_TASK GOAL_
You are asked to reproduce the listing exactly and to omit its pictures.

_RECORDED INFORMATION_
= Beginning of Section =
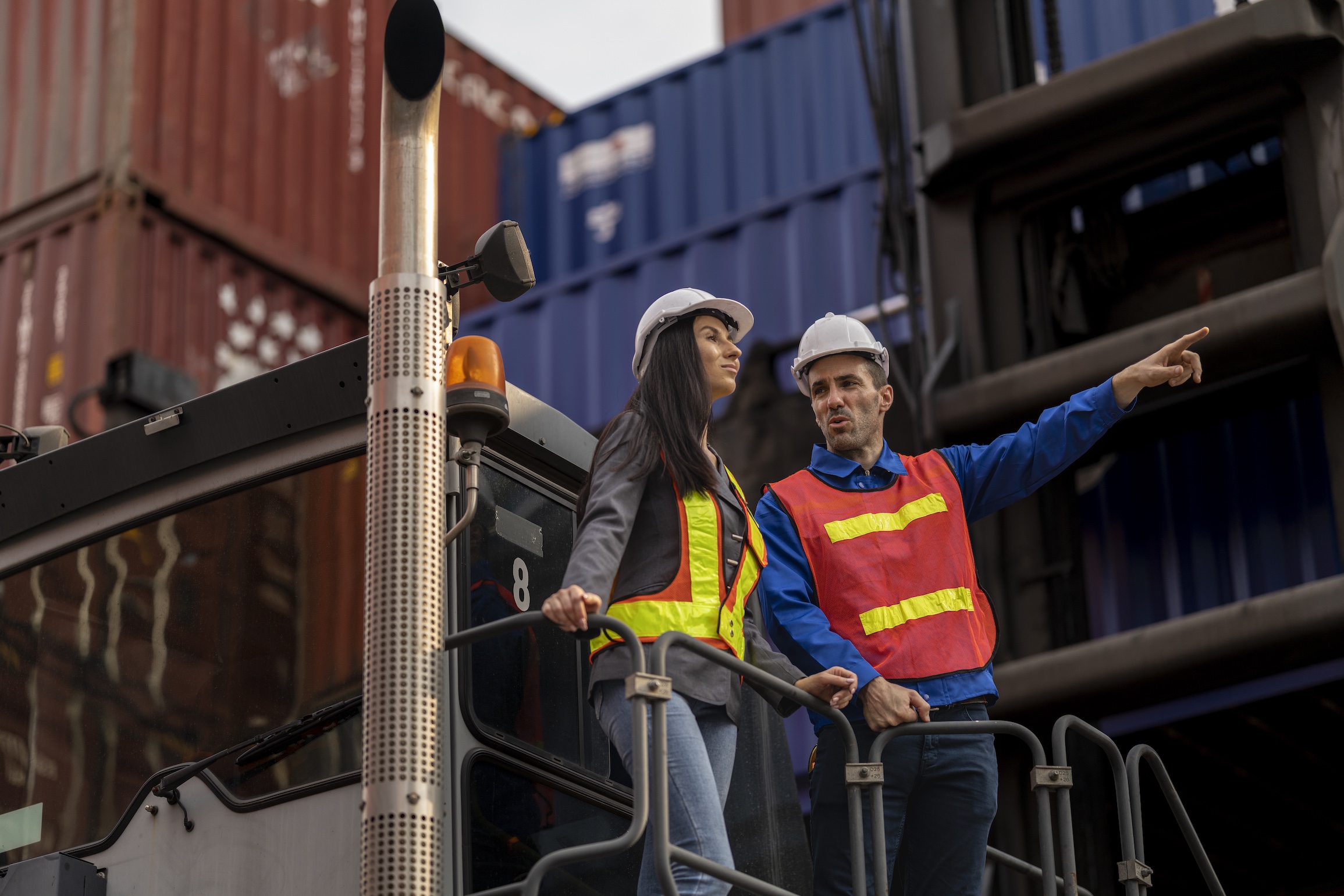 Arbeiter in gut sichtbarer Schutzausrüstung und Schutzhelmen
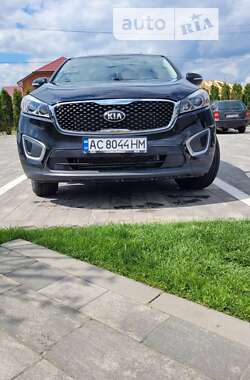 Внедорожник / Кроссовер Kia Sorento 2016 в Луцке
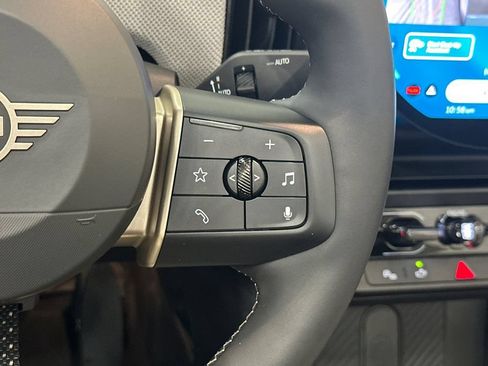 Used 2025 MINI Cooper S FWD image 28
= End of Section =
_RESPONSE AREA_
 Arbeiter in gut sichtbarer Schutzausrüstung und Schutzhelmen
 Внедорожник / Кроссовер Kia Sorento 2016 в Луцке
 Used 2025 MINI Cooper S FWD image 28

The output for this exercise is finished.